TASK OBJECTIVE:
Exact copy, no pictures: repeat the data that follows.

PROVIDED DATA:
********************

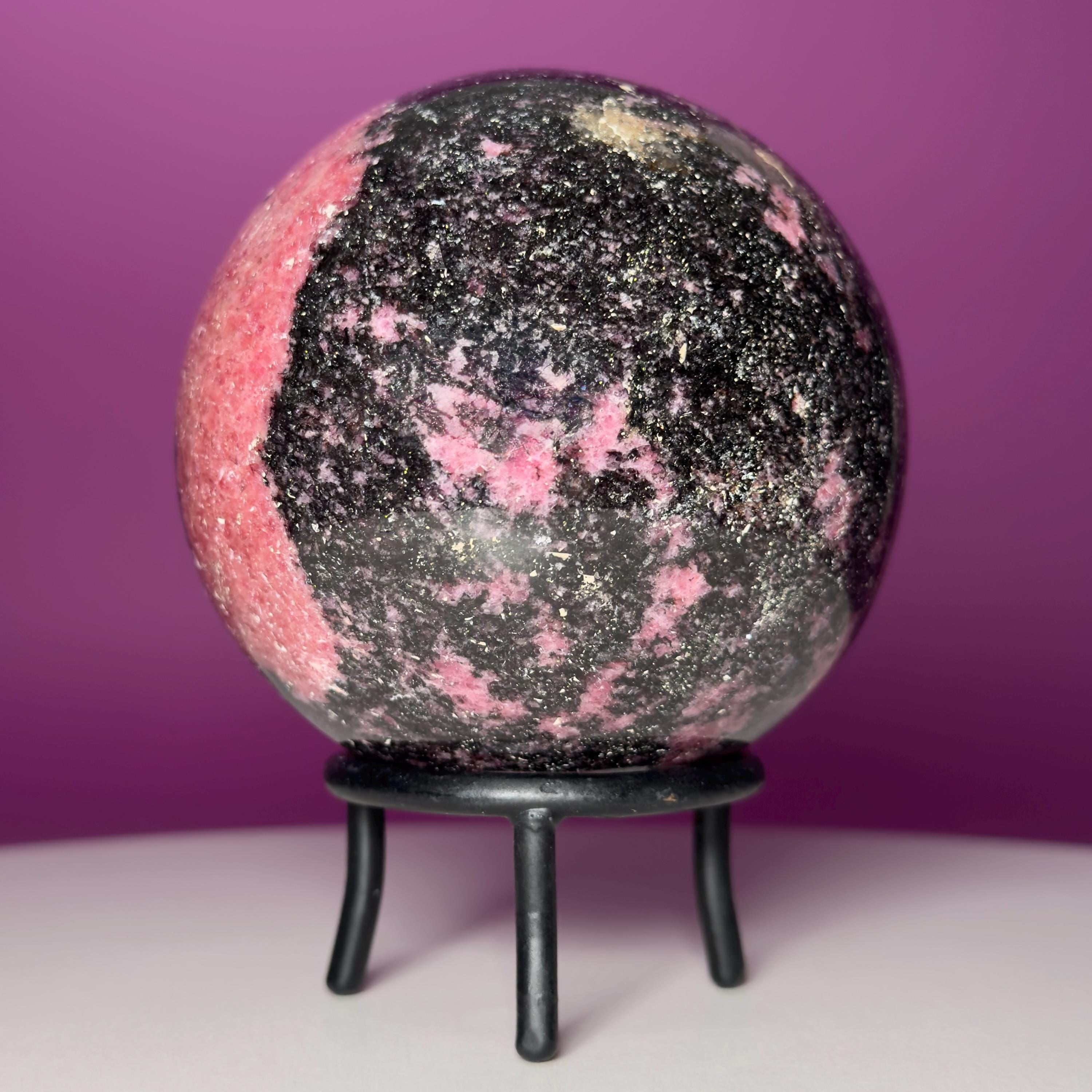 Large Rhodonite Sphere with Wrought Iron Display Stand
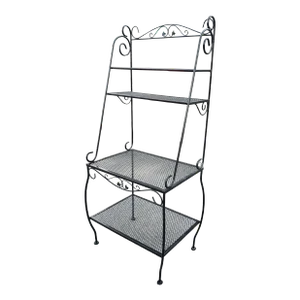 1970s Vintage Large 4 Tier Black Wrought Iron Backers Rack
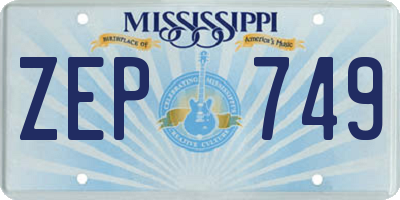 MS license plate ZEP749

********************

COMPLETED TASK:
 Large Rhodonite Sphere with Wrought Iron Display Stand
 1970s Vintage Large 4 Tier Black Wrought Iron Backers Rack
 MS license plate ZEP749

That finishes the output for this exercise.